14. The letter dated 21 February 1995 addressed by the plaintiff to the defendant and Mr. Welsh, and signed by both of them, was headed "Acquisition of Legends Restaurant Manuka, Area 5 SLP 2714 Block 20 Section 1 Griffith" and referred to discussion about "the delayed purchase and interim leasing of the abovementioned premises". It continued:

"As discussed, the business of Legends is to be purchased and leased
in the interim by both you (sic) jointly on the following basis:
.....
2. LEASE
(a) A sub-lease of the Legends business (including premises in
connection with which a copy of the existing lease is attached for
your information) pending completion of the agreement to purchase.
Liangis Investments Pty Limited has already indicated its in-principle
consent to this arrangement, however, I require you to formally seek
approval in the usual way.
(b) The lease will commence 25 April 1995 and the lease rental shall
be:
(i) initially $500.00 per week paid in advance increasing by $100.00
per week at 6 monthly intervals for the rent of the business,
i.e. Legends name, goodwill, plant fixtures and chattels, together
with,
(ii) a bond of $2815.42 to be held by me representing one month's rent
in advance for the premises and;
(iii) monthly rent for the premises in accordance with the terms of
the attached lease. All payments for rent of the premises are to be
made to me prior to the commencement of each month."

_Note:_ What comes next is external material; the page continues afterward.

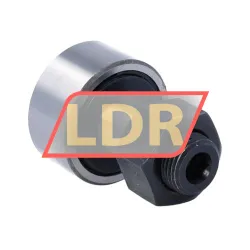 SKF KRV40PPA rulman resim 2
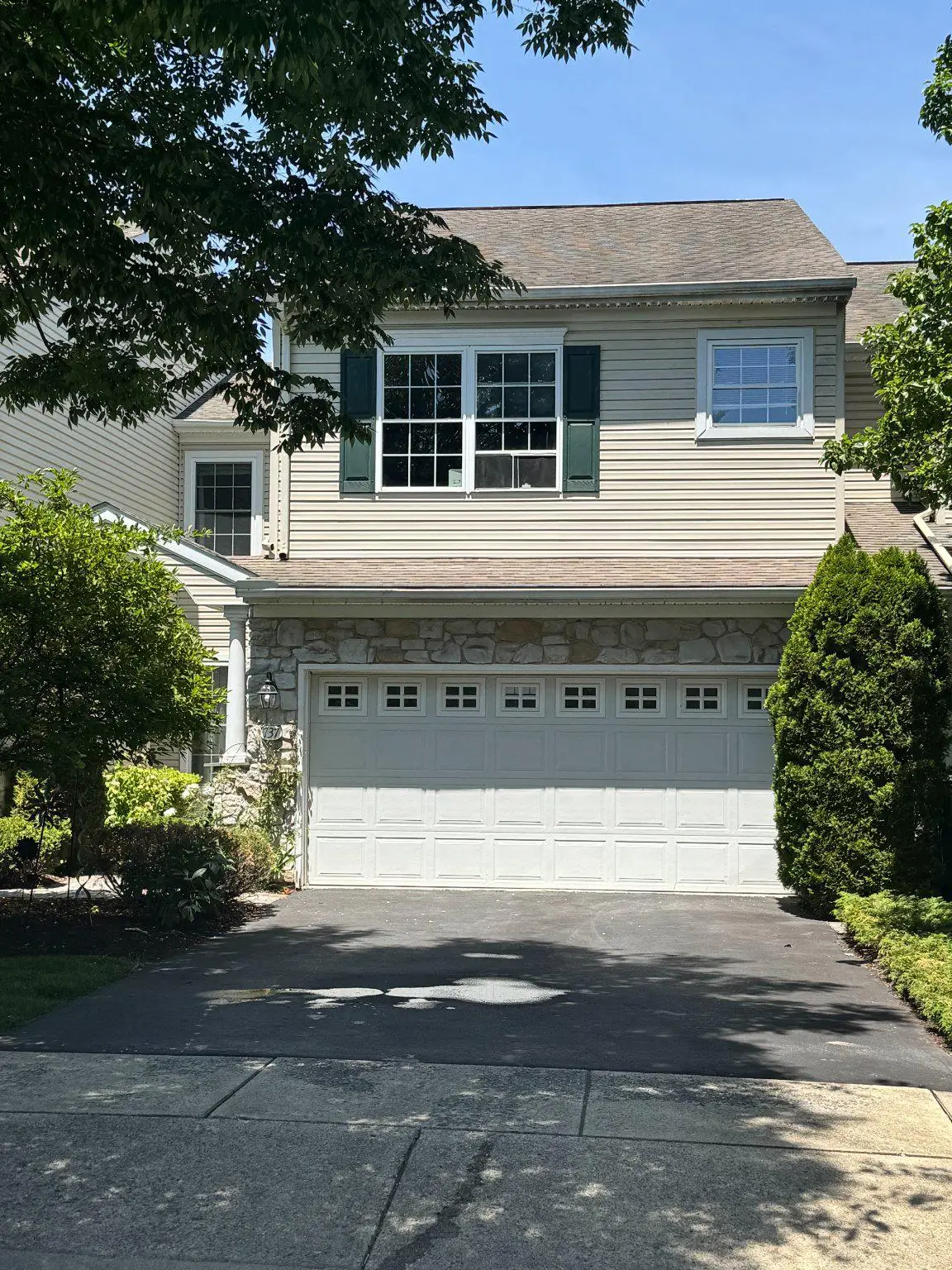 737 Ferris Way, Hershey, PA 17033 - #1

15. Some particular matters arise from this letter and may be noted. First, the letter is evidence of an existing agreement, which agreement the parties contemplated would be merged in or replaced by a subsequent and more formal document. Secondly, the sub-leasing proposal clearly distinguished between, on the one hand, payments to the plaintiff for the use of the business, and, on the other hand, payment in respect of the rent of the premises. Payments in the nature of the former are of course not rent at all. The amounts of the latter payments were those which the plaintiff was obliged to pay to his landlord, Liangis Investments Pty Limited, in accordance with the sub-lease to him from that company, dated 18 March 1994. The rent reserved therein was $33,785.00 a year payable by monthly instalments of $2815.42. Thirdly, the agreement was with the defendant and Mr. Welsh jointly and not jointly and severally. It might also be noted that no time was fixed expressly for the payment of the bond and that the amount of the bond was calculated as one month's rent being paid by the plaintiff to Liangis Investments Pty Limited.

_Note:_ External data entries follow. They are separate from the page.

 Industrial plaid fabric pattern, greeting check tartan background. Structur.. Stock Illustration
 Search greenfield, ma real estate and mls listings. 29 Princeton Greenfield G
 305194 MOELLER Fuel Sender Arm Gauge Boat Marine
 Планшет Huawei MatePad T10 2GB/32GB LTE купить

16. I turn to the disputed areas of fact.

17. There was by the middle of April 1995 some urgency to the negotiations between the plaintiff and the defendant. The plaintiff, who had not had a vacation in three years, had made arrangements to go on holidays on 3 May 1995. He was keen not to incur further liability for the rent of the Legends premises during his absence. The restaurant there ceased operating some time in about the middle of April. He had presumably made arrangements for the management of Chez Daniel during his absence, but was not concerned to do so for the management of Legends. He told the defendant that he wanted the deal between them finalised by 3 May.

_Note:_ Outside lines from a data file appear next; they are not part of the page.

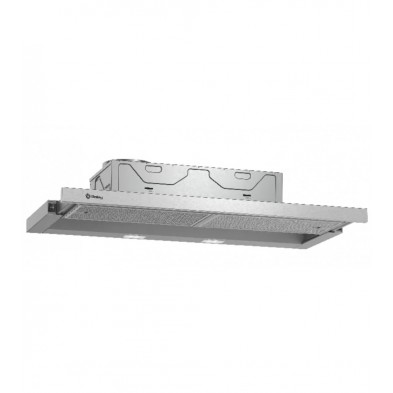balay-3bt294mx-campana-encastrada-metalico-plata-383-m-h-c-1.jpg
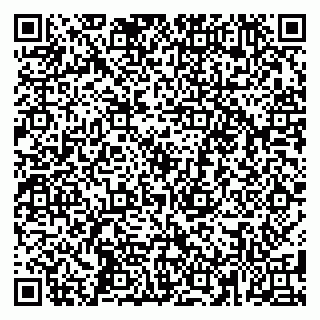 vCard 79584499035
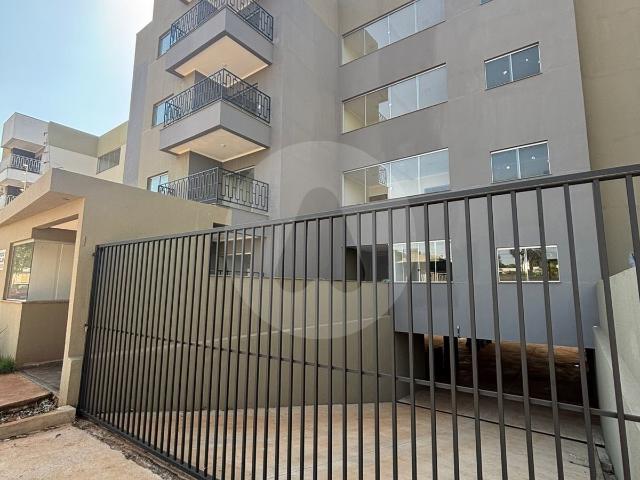 Apartamento aluguel em Região Geográfica Imediata de Dourados, Dourados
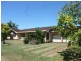 6 Keeley Street,, Childers QLD 4660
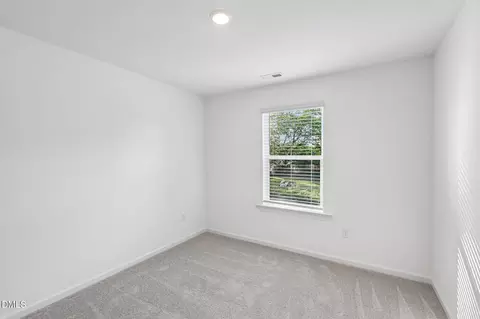 Bedroom - 500 Oak Reserve Dr #103, Garner, NC 27529 photo 5 of 7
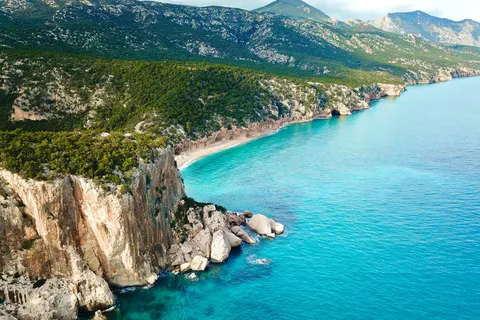 Fly & Drive Sardinië 4* in Rondreizen — foto 15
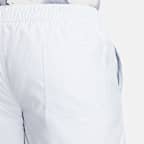 Shorts de tejido Woven Flow para hombre Nike Club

18. The defendant consulted her accountant, Mr. Gallagher. Her evidence on this aspect was corroborated by that of Mr. Gallagher himself. Mr. Gallagher had already advised her in February that rental payments of $500 per week on a business that was to be purchased for $100,000 were far too high and that $500 per month would be closer to a proper figure. Mr. Gallagher repeated that advice or the thrust of it when consulted again in April. He told the defendant that the business was not profitable enough for her to be able to afford $500 per week pending its purchase. Moreover he advised her that she should take out insurance on the basis that the business was capable of generating not more than $80,000 gross income per year. The defendant was prepared to accept $80,000 as a basis for insurance against loss of income but only because she knew of a similar business which had insured for that amount. Mr. Gallagher explained his calculations to her. Although she appeared to him to accept his conclusions she did not appear to understand the reasons for them.

19. I accept the evidence of Mr. Gallagher, whom I regard as an impressive and sufficiently disinterested witness. It follows then that the defendant's evidence should be accepted so far as it is corroborated by him.

20. The defendant's enthusiasm to take over the Legends business and become a Manuka restaurant operator was such that she persisted in trying to find an acceptable way of doing so, despite the pessimism of Mr. Gallagher. She had hopes that her father, who was in Germany, would put up a capital sum which would overcome the difficulty of no longer having the support of Mr. Welsh and having the further expense of employing a chef for wages. She told various people that she was taking over Legends and expected to do so by 26 April.

21. The plaintiff in the meantime instructed Mr. Campbell to prepare a formal agreement in accordance with the letter of 21 February 1995, with the only difference that it would be the defendant alone who would be named as purchaser and lessee.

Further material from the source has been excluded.